§ Work required
Set the listing down again exactly, please, apart from its pictures.

§ Dataset content
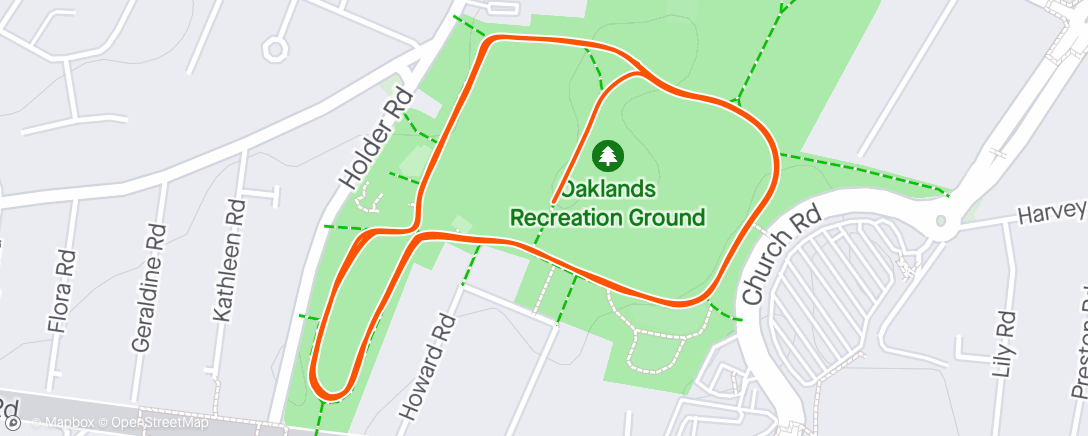 Map of the activity, Oaklands Parkrun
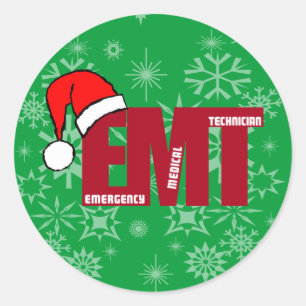 Sticker Rond TECHNICIEN MÉDICAL de SECOURS de Père Noël EMT de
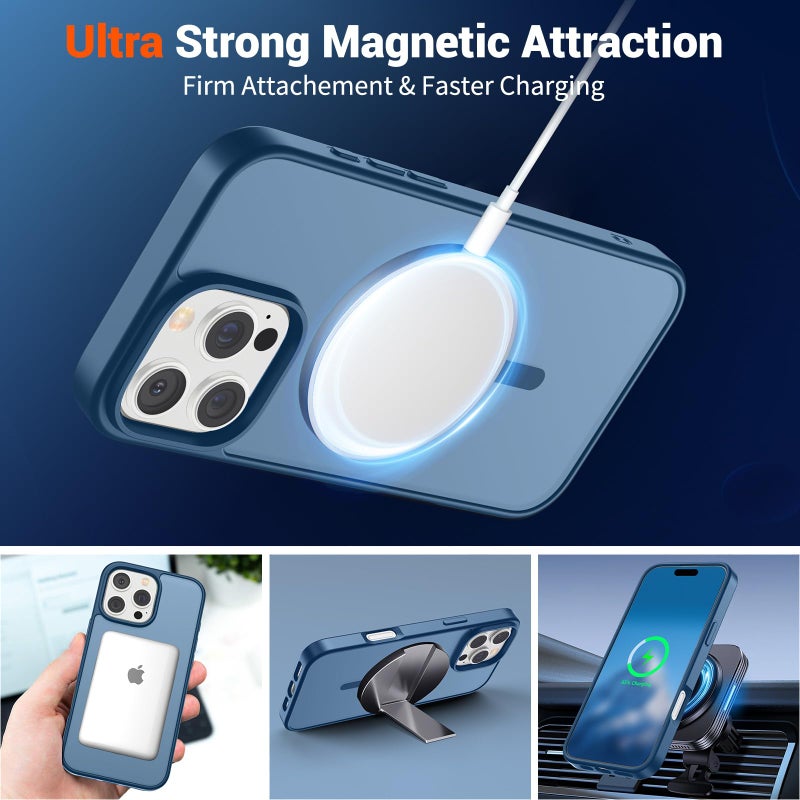 SUPFINE Magnetic for iPhone 16 Pro Case(Compatible with MagSafe)(Military Grade Drop Protection) Slim Translucent Matte Shockproof with Anti-Fingerprint Phone Case,Deep Blue - Image 5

§ Solution to this task
 Map of the activity, Oaklands Parkrun
 Sticker Rond TECHNICIEN MÉDICAL de SECOURS de Père Noël EMT de
 SUPFINE Magnetic for iPhone 16 Pro Case(Compatible with MagSafe)(Military Grade Drop Protection) Slim Translucent Matte Shockproof with Anti-Fingerprint Phone Case,Deep Blue - Image 5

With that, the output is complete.